Der Medienwissenschaftler Henry Jenkins teilt den Pessimismus Seeßlens & Co nun wieder nicht. Die Generation Tiktok sei kreativ, finde neue Algorithmen, remixe Narrative, sei imstande, sich sekundenschnell zu vernetzen, sehe die Kulturindustrie als ein Medium zur Bedeutungserschaffung, neuen Kämpfen und Teilhabe – die Macht ist nicht nur bei der Maschine, sondern auch beim User, man kann auch einen flashmob für sinnvolle politische Organisationen kreieren. Vernetzung ist die neue Waffe der GenZler, die alle Codes im Netz kennen. Seeßlen und Metz glauben hingegen nicht an die Schwarmintelligenz der Usergeneration und würden höchstens erwidern, dass sie diese dann zu antisemitischen Aufmärschen nutzen würden.

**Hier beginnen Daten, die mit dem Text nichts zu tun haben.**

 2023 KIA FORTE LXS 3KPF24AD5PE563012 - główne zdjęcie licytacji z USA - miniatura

Und dass die Maschinen nicht an mündigen Bürgern interessiert wären, sondern lediglich an Reichweite. Und Kohle natürlich, für die, die immer schon welche zu machen verstanden und sich auch hier wieder mit reinhängen.

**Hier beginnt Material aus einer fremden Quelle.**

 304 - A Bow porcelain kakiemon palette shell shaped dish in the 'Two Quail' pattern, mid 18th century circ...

Was die Medienkritiker betrifft – vermutlich haben beide recht (und beziehen sich nur auf unterschiedliche Zielgruppen) und vermutlich ist es auch gut, dass der ganze Komplex polarisierend diskutiert wird in einer Zeit, in der die Schere zwischen intelligent und doof immer mehr auseinanderzugehen scheint. Schade, dass Medienexperten offenbar immer auf dem jeweils anderen Auge blind sind. Als Grundlagenliteratur sind die Bücher auf jedenfall empfehlenswert.